I also agree with Menon that if Putin does decide to use nuclear weapons, Ukraine will be the most likely victim. But if we are the first to be threatened, it’s primarily Ukrainians who should decide what risks to take.
It’s not just that Ukrainians don’t want to make concessions and believe in the possibility of victory. Potential changes in Ukrainian politics and society matter too. The Russian invasion has led to a strong consolidation of Ukrainian society, but once the fighting stops, the dam will burst and mutual accusations will pour in. If the war ends in victory, the sharpness of internal struggle could be mitigated, leading to constructive reforms and progressive trends in Ukrainian society. But if Ukraine is forced to make serious concessions, revanchism and witch-hunts may flourish, provoking the rise of the far right and increased domestic chaos. Even if Western support continues, concession will have a negative impact on Ukraine’s defense capabilities.
The temporal dimension of this war is also important: it cannot be simplified to a question of whose side has time. Russia made many serious mistakes at the beginning of the invasion and suffered serious losses, while Ukraine was able to secure enormous international support. But circumstances could change—for example, if a Republican wins the U.S. presidential election. There is no guarantee that if Ukraine were to conclude a ceasefire with Russia now, the war would not resume in less favorable circumstances sometime later.
Ukrainians can’t afford the luxury of neglecting such risks. If we don’t try to get the maximum now, before circumstances may shift to less favorable ones, we may have to pay a much higher price in the future.

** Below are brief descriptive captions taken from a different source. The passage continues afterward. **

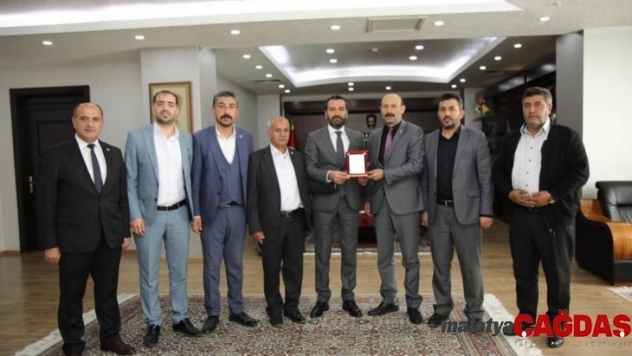 Başkan Şerifoğulları'Muhtarlarımızla aramızda gönül köprüleri kurduk'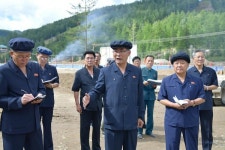 북 박태성 내각총리, 삼지연관광지구 건설사업과 함흥시 기업소들 현지시찰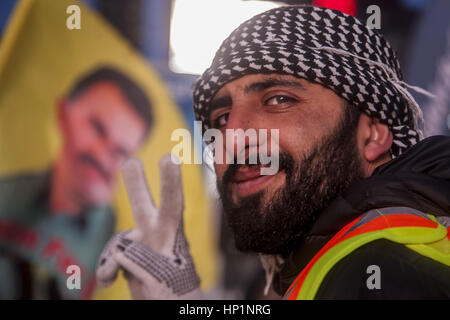 Toronto, Ontario, Kanada. 15. Februar 2017. Kurdische protestieren in Toronto, Demonstranten fordern eine friedliche und demokratische Lösung für die Kurden in der Türkei Bilder der Arbeiterpartei Kurdistans Parteiführer Abdullah Ã – Calan, fordern seine Freilassung halten. Bildnachweis: Johnny De Franco/ZUMA Draht/Alamy Live-Nachrichten Stockfoto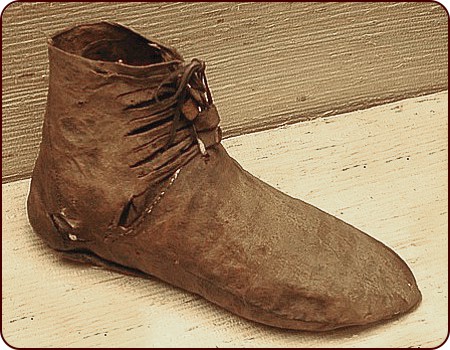 Römisches Schuhwerk (2. Jh. n. Chr.) im Hunterian Museum in Glasgow (Schottland)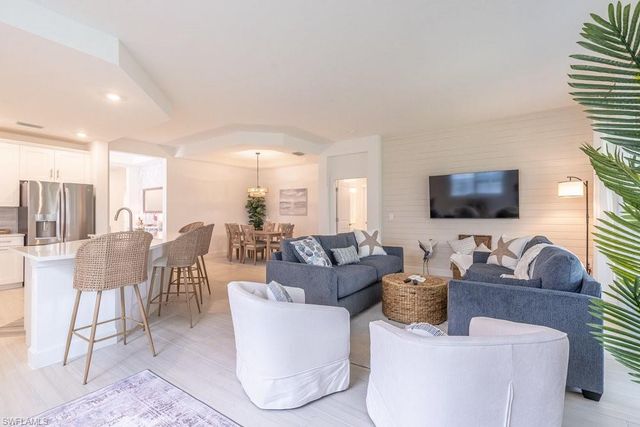 16903 Fairgrove WAY 102, Naples, FL 34110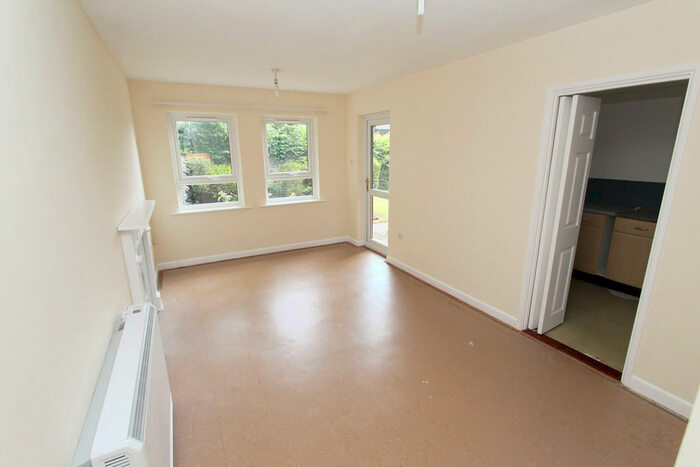 1 Bedroom Ground Flat To Rent In Fareham, Hampshire, PO15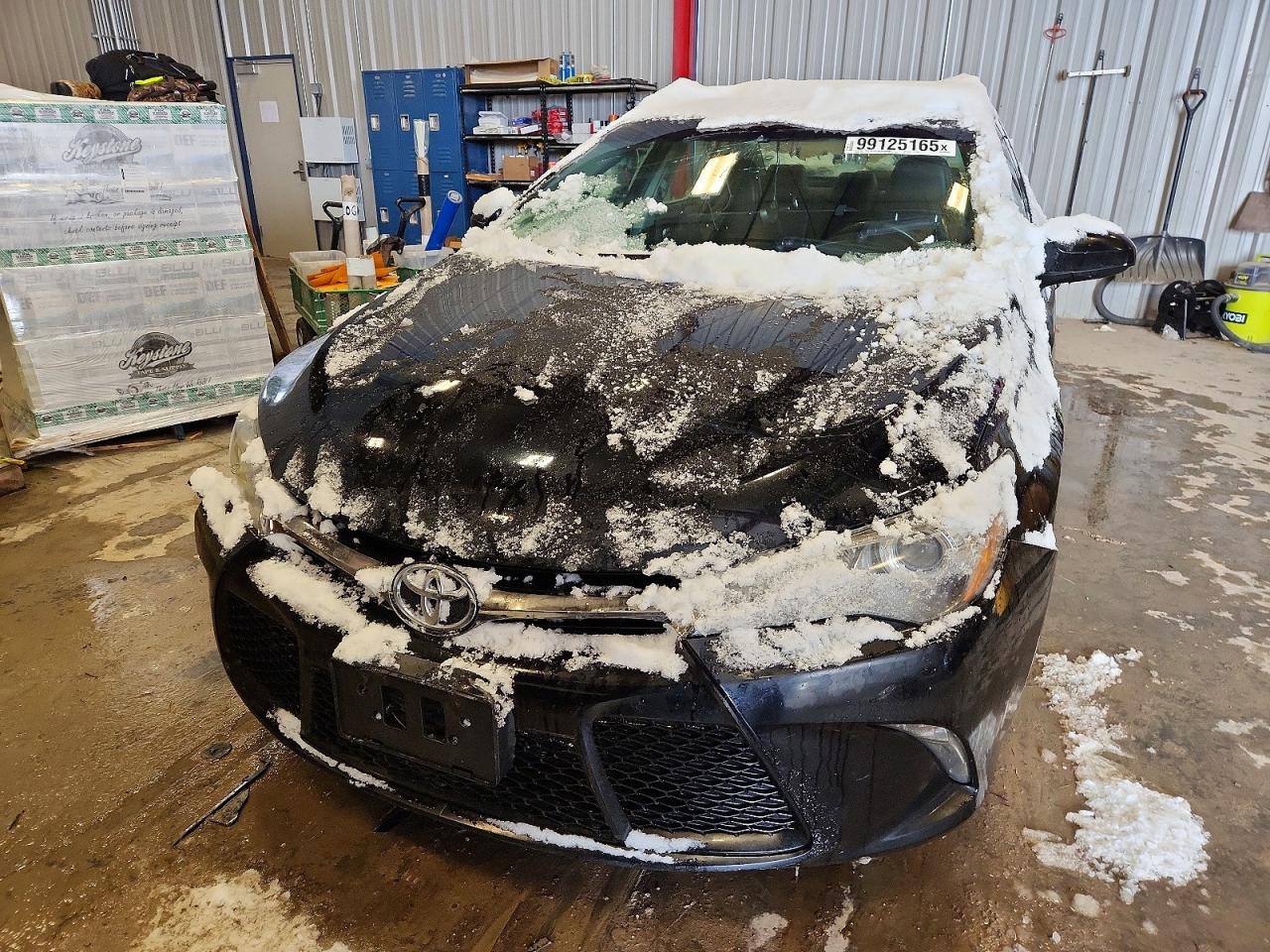 2015 TOYOTA CAMRY LE photo 5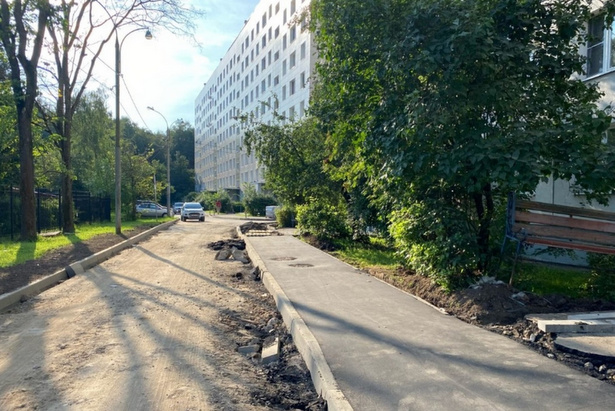 В двух дворах Старого Крюково идут работы по комплексному ремонту асфальта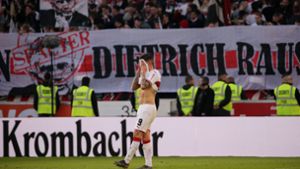 Auch nach der Niederlage gegen RB Leipzig protestieren die Fans des VfB Stuttgart gegen Wolfgang Dietrich. Foto: Pressefoto Baumann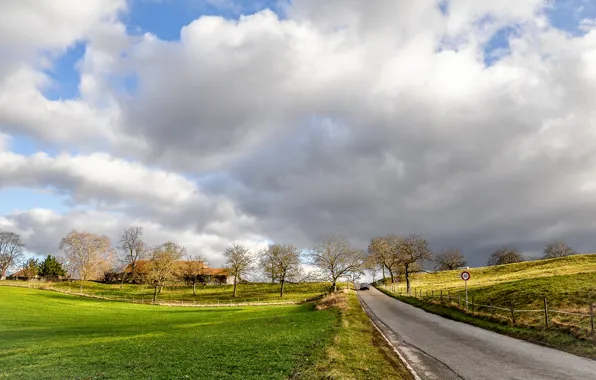 Картинка поле, осень, облака, деревня, дорожка, field, Autumn, clouds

Any realistic discussion of a diplomatic settlement must take into account the fact that Ukraine will not make territorial concessions. Even if Zelensky were to agree to concessions, the Constitution of Ukraine requires that any treaty on changing territory must be approved by an all-nation referendum. Such a treaty could thus be rejected even after it’s ratified by parliament. But this does not mean that one should unequivocally support the goals of the Ukrainian government, or that one should accept the prospect of a protracted war if events develop according to pessimistic forecasts.
One of the main problems with discussions about Crimea is that the two main options being discussed are military de-occupation—that is, expulsion of Russia by military means—or recognition of Russian annexation. But even if we ignore the complexity and risk of a military operation, there is the problem of the pro-Russian attitudes of a large part of the local population. On the other hand, just leaving the illegally annexed peninsula, which Russia turned into one large military base and then used for a full-scale invasion of Ukraine, is also wrong.
What is really needed is discussion of how to force Russia to vacate the annexed territories by non-military means, as well as how to ensure respect for human rights in the territories occupied in 2014. One solution would be to temporarily deploy UN peacekeepers to Crimea and Donbas. Of course, Putin will not agree to this, and even a post-Putin government would likely agree to it only under strong pressure. On the one hand, if Russia is expelled, peacekeepers could be a soft capitulation to Russia. On the other hand, if the Ukrainian counteroffensive this year is less successful than Kyiv would like, a ceasefire will be necessary at some point. In this case, UN peacekeepers can also come in handy—not on the de-occupied territory, but on the demarcation line. But it’s important that this should entail not the recognition of annexed territory but rather the transfer of the confrontation over this issue to the diplomatic plane. That will, in fact, mean postponing its resolution until the fall of Putin’s regime.